IBM Data Studio 4.1 provides useful GUI capabilities to exploit BLU Acceleration, convert existing tables, and determine which tables to convert to a column-organized format. You can use BLU Acceleration on all of the tables for workloads that execute deep analytic queries. If your workload is somewhat mixed, then the Workload Table Organization Advisor in OQWT 4.1 offered with IBM Data Studio 4.1 can analyze your workload and make recommendations on how to exploit the new technology for some tables and not others.
This article illustrates how to use IBM Data Studio for getting the most out of BLU Acceleration.
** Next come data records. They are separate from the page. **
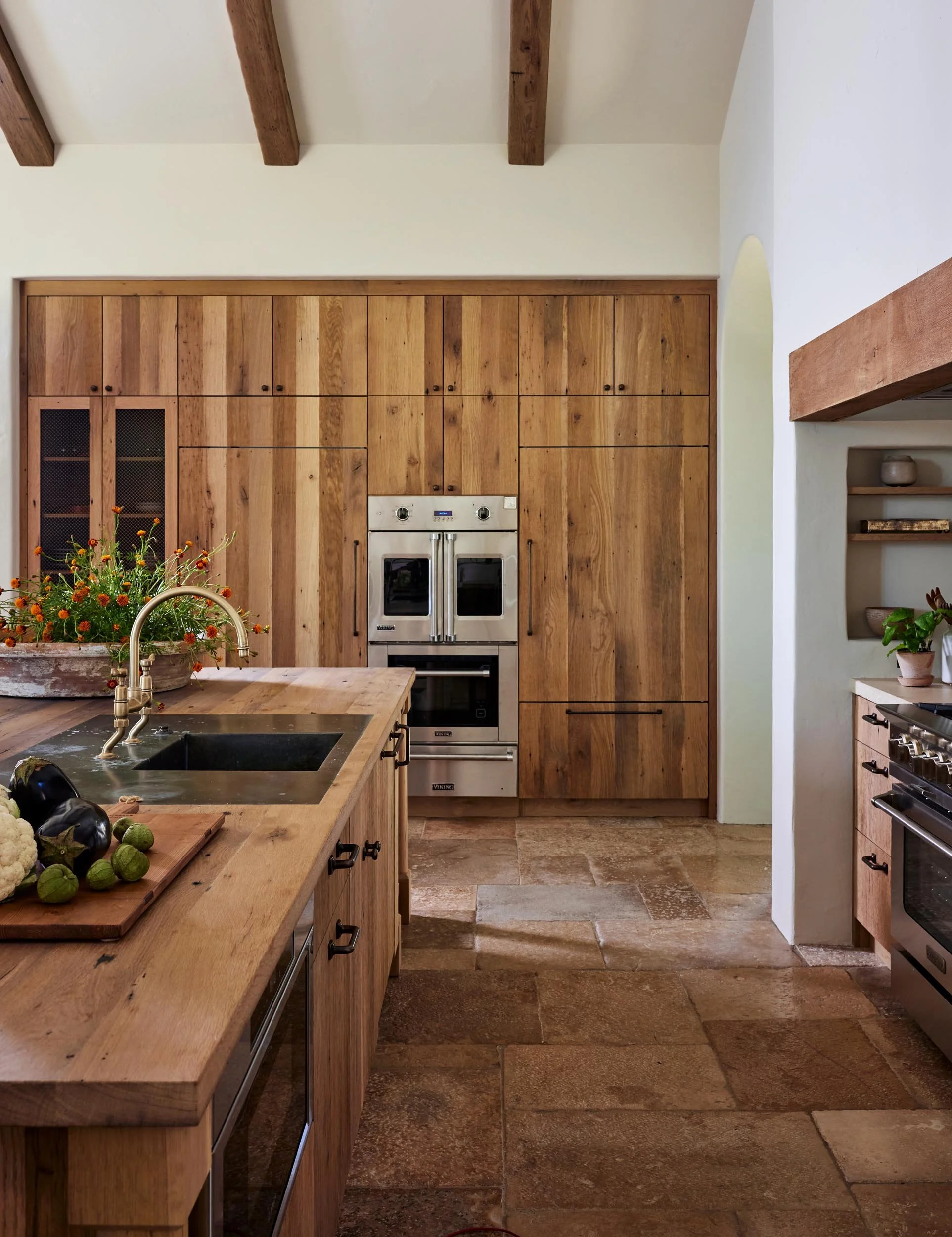   Project // Los Altos Hills   Kitchen Cabinet Pulls from Sun Valley Bronze  Photography // John Merkl —  @johnmerkl   
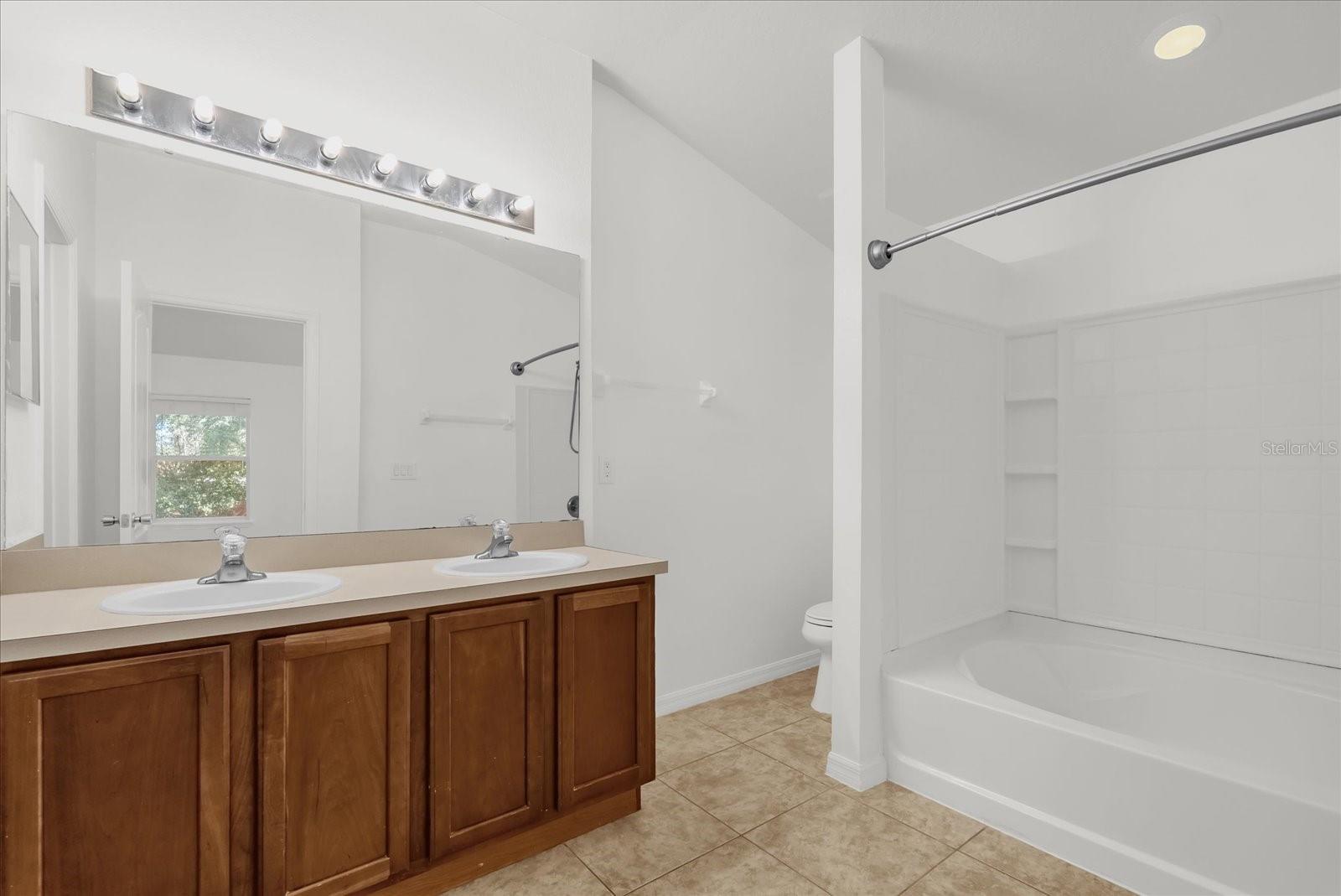 Image 17 of 38 For 1620 Little Gem Loop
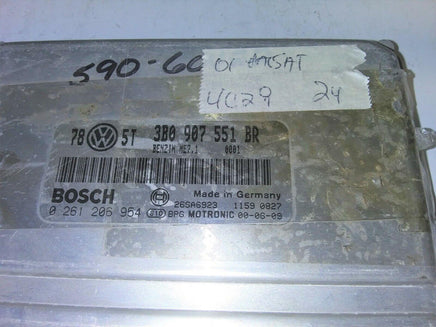 2001 VW Passat ecm ecu computer 3B0 907 551 BR - Swan Auto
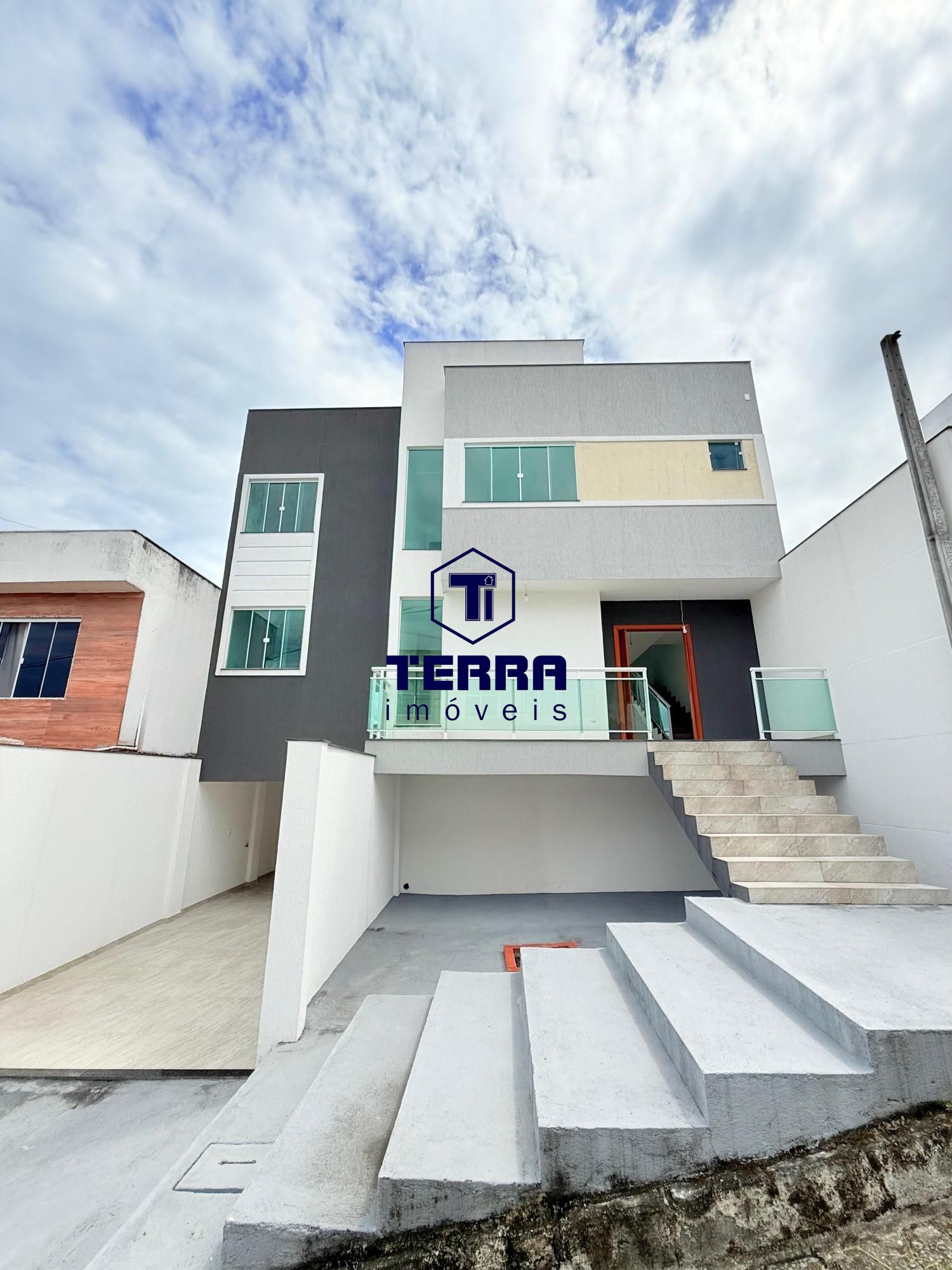 Imagens do imóveis Casa nova com 3 quartos, sendo 1 suíte e closet com vista panorâmica.
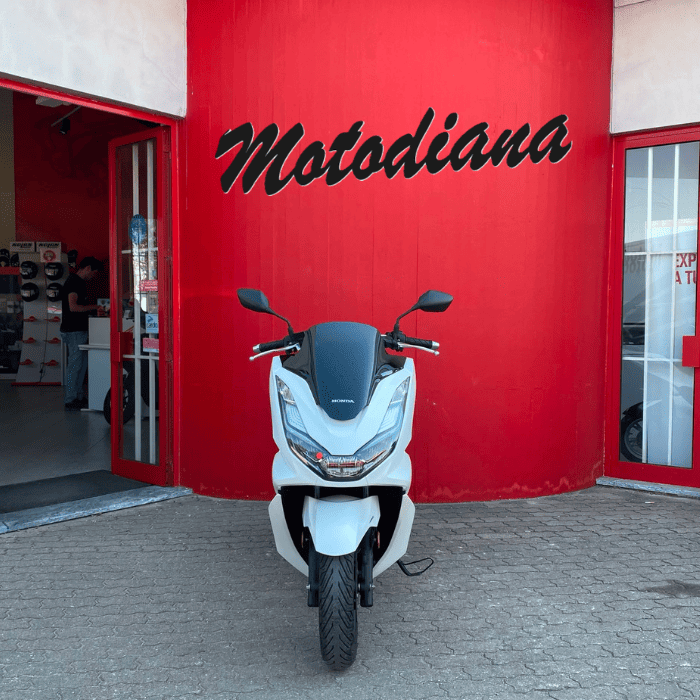 https://motodiana.com//public/uploads/17%2626_MotosUsadas/Elementos_Graficos/BE-72-HZHONDAPCX125/02.png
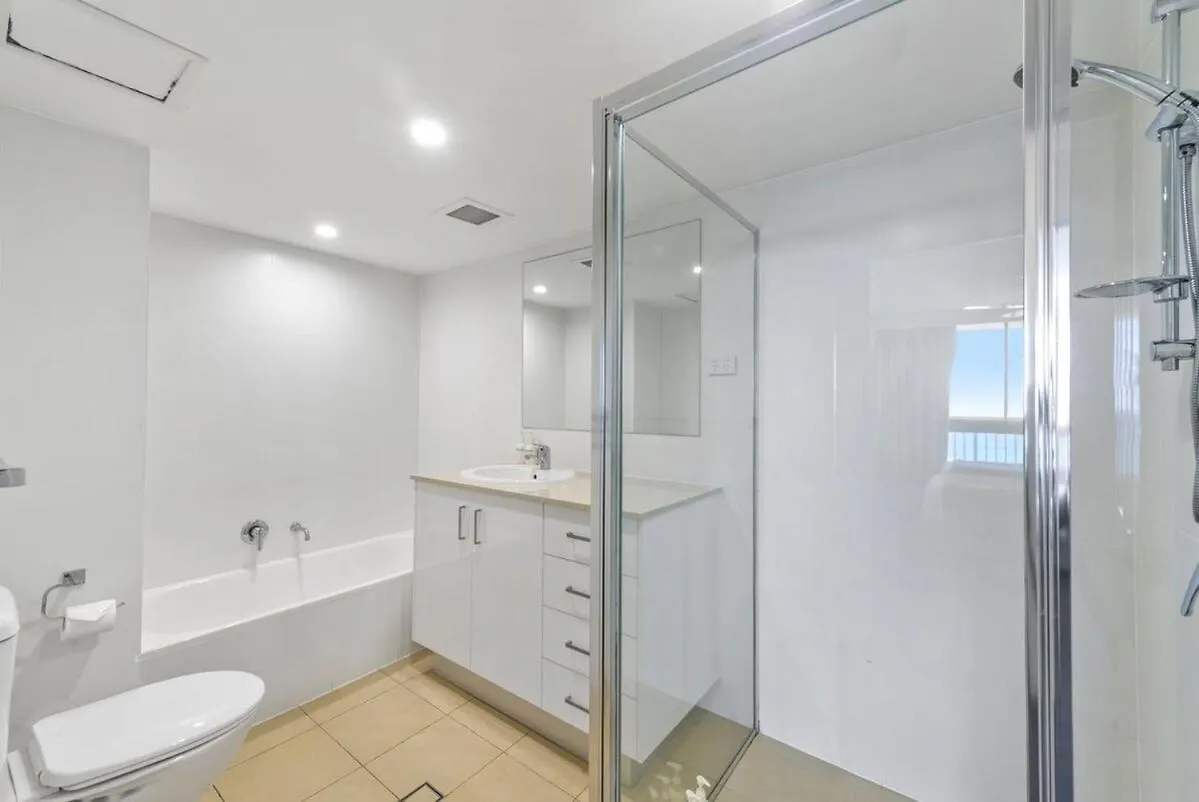 Breathtaking Ocean View 2 Bdr Apartment By The Beach Gold Coast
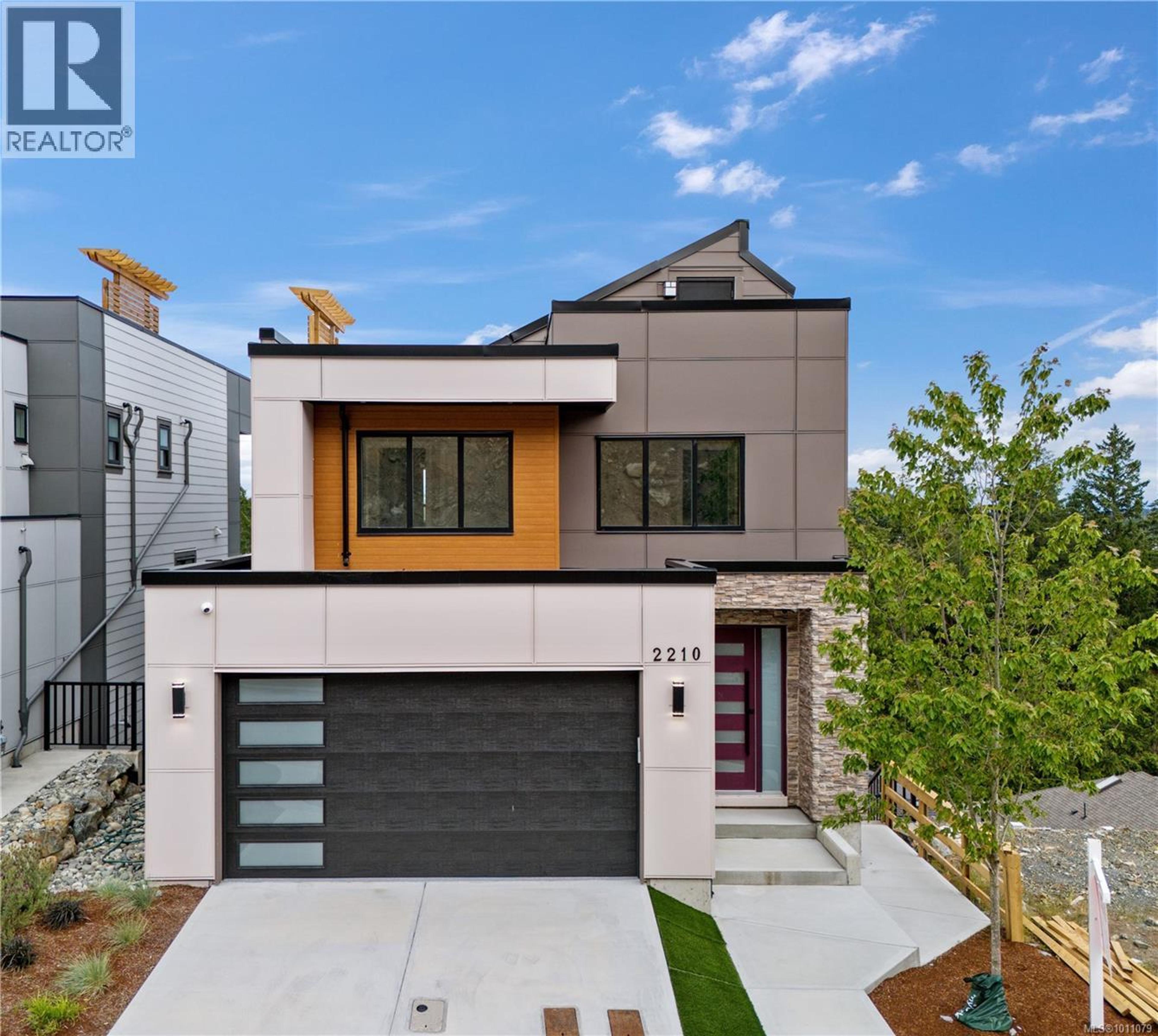 2210 ARCHER GATE - Image 2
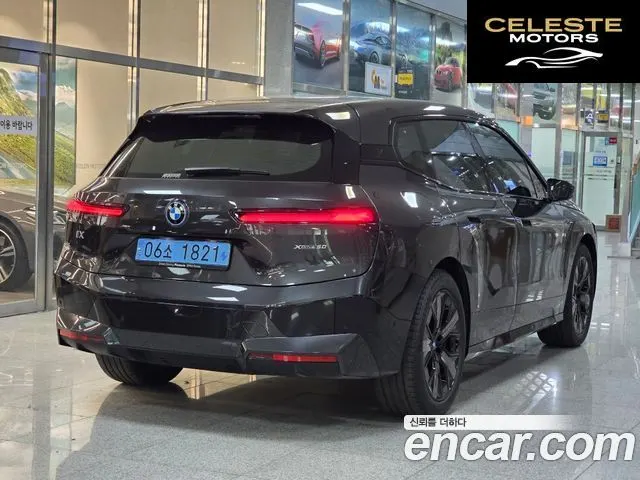 BMW iX xDrive50 Sport Spécial Edition 2025 — photo 3 sur 26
We cover the following three scenarios:
- Determining which tables to convert to column-organized format
- Converting tables to column-organized format
- Creating a new column-organized table
These scenarios assume the following product versions:
- DB2® for Linux®, UNIX® and Windows® 10.5
- IBM Data Studio 4.1
- InfoSphere Optim Query Workload Tuner 4.1
Enabling BLU Acceleration
First, you need to configure BLU Acceleration. Within Data Studio, you can click Configure BLU Acceleration for a particular database. (The database needs to be at the 10.5 release level or higher for this menu item to be visible.) See Figure 1:
Figure 1. Configuring BLU Acceleration
This menu item opens the editor shown in Figure 2, where you can run the command db2set DB2_WORKLOAD=ANALYTICS, which enables automatic workload management:
Figure 2. Setting automatic workload management
Setting DB2_WORKLOAD to ANALYTICS also configures the default type for new tables in the database. This default type is driven from a new database configuration parameter named DFT_TABLE_ORG. See the section Setting the default table organization for a database for more information about this configuration parameter.
When you select Command Line Processor as the Run method (as shown in Figure 2), Data Studio requires a running SSH server on the remote system to execute commands. (Starting with Data Studio 4.1, the IBM SSH Server is recommended.)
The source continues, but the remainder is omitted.